Compilation album by Mount Eerie
- Released: December 6, 2005
- Label: P. W. Elverum & Sun, Ltd. (ELV 003)
- Producer: Phil Elverum

Mount Eerie chronology
| Singers (2005) | Eleven Old Songs of Mount Eerie (2005) | Mount Eerie pts. 6 & 7 (2007) |

= Eleven Old Songs of Mount Eerie =

Eleven Old Songs of Mount Eerie is an album by Mount Eerie written during Elverum's stay in Finnkonevika hyette, Norway in the winter of 2002/2003 and recorded in Anacortes in the winter of 2004. The only instrument present on the album is a Casiotone keyboard.

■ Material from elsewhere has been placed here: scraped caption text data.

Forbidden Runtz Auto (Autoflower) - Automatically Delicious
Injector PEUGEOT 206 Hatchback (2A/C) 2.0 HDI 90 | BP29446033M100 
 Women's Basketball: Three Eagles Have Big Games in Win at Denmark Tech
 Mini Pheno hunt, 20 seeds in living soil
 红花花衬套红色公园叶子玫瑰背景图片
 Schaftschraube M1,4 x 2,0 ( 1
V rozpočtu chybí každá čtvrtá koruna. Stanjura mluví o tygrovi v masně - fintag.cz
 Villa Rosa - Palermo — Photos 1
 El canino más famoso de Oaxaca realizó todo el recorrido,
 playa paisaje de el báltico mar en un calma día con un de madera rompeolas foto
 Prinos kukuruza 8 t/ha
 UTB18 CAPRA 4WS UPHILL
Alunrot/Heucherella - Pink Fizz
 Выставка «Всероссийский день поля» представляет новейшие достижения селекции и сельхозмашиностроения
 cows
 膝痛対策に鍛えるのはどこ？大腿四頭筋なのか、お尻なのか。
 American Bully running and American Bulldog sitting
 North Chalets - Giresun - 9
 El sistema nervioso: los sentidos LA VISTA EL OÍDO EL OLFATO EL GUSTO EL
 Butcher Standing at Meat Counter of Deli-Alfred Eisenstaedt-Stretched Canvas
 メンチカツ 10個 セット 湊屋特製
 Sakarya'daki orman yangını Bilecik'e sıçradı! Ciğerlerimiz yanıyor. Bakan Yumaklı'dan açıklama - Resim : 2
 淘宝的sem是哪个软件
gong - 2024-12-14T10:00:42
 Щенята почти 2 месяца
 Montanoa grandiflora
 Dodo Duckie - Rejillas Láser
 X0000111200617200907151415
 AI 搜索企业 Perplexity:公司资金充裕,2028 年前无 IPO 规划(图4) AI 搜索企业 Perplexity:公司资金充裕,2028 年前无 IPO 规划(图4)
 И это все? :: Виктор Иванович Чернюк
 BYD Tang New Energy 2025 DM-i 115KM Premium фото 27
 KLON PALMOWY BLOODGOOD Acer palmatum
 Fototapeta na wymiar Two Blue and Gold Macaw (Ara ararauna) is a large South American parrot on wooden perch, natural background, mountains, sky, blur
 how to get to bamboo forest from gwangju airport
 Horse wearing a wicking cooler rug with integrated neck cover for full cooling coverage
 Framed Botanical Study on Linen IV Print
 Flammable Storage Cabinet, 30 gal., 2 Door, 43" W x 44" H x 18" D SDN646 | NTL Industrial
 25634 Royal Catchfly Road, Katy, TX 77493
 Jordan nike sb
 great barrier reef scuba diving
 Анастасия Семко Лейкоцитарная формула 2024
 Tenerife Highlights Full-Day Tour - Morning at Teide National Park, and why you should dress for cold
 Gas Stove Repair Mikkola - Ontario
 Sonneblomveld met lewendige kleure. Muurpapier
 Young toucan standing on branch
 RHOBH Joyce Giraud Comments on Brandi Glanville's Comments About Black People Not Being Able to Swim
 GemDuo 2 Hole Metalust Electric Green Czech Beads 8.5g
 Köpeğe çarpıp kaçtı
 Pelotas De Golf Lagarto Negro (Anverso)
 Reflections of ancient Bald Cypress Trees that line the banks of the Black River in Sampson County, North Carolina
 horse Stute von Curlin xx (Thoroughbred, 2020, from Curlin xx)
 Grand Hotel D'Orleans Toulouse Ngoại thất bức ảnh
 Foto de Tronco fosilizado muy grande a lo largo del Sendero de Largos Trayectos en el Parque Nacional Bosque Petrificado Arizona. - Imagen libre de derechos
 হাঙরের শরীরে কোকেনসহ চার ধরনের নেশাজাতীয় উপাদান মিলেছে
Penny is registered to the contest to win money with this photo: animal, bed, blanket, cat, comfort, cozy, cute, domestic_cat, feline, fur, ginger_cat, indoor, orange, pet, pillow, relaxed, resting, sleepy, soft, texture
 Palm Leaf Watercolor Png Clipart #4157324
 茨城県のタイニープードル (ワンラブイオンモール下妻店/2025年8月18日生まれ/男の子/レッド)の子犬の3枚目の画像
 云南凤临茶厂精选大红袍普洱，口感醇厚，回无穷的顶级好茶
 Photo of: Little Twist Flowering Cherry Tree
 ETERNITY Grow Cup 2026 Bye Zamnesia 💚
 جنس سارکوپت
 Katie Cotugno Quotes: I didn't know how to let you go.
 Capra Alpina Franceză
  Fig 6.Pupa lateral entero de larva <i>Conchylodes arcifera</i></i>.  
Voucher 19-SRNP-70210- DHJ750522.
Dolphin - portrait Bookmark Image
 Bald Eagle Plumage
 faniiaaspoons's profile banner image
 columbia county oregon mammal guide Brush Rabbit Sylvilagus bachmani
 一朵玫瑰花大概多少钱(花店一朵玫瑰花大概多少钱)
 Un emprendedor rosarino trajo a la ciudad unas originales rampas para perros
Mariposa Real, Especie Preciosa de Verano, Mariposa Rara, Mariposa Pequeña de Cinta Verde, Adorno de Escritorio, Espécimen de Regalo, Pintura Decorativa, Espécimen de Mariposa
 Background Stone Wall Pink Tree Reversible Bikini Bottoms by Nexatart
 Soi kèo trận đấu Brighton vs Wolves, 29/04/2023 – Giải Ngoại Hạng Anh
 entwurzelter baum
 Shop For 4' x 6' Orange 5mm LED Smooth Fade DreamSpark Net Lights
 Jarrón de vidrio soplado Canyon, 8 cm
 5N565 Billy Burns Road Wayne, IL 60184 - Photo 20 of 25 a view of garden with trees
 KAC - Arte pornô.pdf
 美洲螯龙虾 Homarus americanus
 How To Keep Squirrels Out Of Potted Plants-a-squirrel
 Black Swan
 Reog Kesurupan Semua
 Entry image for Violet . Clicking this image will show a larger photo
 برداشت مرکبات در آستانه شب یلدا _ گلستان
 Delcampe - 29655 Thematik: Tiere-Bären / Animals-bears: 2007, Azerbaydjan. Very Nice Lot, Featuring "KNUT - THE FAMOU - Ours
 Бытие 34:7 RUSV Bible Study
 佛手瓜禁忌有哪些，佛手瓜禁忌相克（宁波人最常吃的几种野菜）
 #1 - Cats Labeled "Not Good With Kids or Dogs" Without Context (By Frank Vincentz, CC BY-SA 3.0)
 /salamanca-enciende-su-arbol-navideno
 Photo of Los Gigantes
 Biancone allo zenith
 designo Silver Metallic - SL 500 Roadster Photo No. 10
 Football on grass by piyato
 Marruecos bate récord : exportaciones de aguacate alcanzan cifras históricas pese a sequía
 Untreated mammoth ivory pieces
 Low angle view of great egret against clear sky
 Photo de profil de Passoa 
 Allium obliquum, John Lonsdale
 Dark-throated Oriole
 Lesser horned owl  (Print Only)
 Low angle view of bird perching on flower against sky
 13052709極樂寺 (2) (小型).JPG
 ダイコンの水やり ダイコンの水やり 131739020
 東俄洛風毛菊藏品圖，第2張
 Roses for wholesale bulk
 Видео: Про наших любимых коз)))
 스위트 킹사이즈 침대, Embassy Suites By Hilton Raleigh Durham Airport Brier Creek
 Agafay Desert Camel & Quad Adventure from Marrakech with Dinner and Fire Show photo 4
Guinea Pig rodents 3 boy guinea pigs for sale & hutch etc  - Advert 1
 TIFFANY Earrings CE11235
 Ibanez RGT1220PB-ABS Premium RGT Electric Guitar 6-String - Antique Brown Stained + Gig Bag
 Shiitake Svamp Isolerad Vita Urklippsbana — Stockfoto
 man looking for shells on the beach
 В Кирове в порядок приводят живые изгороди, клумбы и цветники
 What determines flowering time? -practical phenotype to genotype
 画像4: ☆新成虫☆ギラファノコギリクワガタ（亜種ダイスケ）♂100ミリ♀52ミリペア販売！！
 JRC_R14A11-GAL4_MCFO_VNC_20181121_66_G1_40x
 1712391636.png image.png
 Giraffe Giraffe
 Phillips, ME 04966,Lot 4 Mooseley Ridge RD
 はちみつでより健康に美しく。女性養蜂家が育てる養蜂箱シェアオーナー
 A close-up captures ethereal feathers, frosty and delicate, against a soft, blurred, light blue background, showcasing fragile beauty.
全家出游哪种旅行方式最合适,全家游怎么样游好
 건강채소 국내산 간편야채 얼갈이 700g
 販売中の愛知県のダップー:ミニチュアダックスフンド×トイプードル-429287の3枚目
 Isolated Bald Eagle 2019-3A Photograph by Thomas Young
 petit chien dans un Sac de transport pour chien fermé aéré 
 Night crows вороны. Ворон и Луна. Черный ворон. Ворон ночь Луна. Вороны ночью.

All songs from the album with the exception of "The Boom" were later re-recorded for the 2008 album Dawn with "I Love (It) So Much" being renamed as "A Show of Hands". Another version of "Wooly Mammoth's Mighty Absence" was also released on the Seven New Songs EP.

==Track listing==
All songs written by Phil Elverum.
1. "Cold Mountain"
2. "I Say 'No'"
3. "The Boom"
4. "The Dead of Night"
5. "Wooly Mammoth's Mighty Absence"
6. "Great Ghosts"
7. "Log in the Waves"
8. "I Love (It) So Much!"
9. "Goodbye Hope"
10. "Who?"
11. "See Me"

==Critical reception==
In a negative review for Cokemachineglow, Dom Sinacola wrote that "11 Old Songs is not very good. Seriously. It’s aimless and boring while still enamored with itself".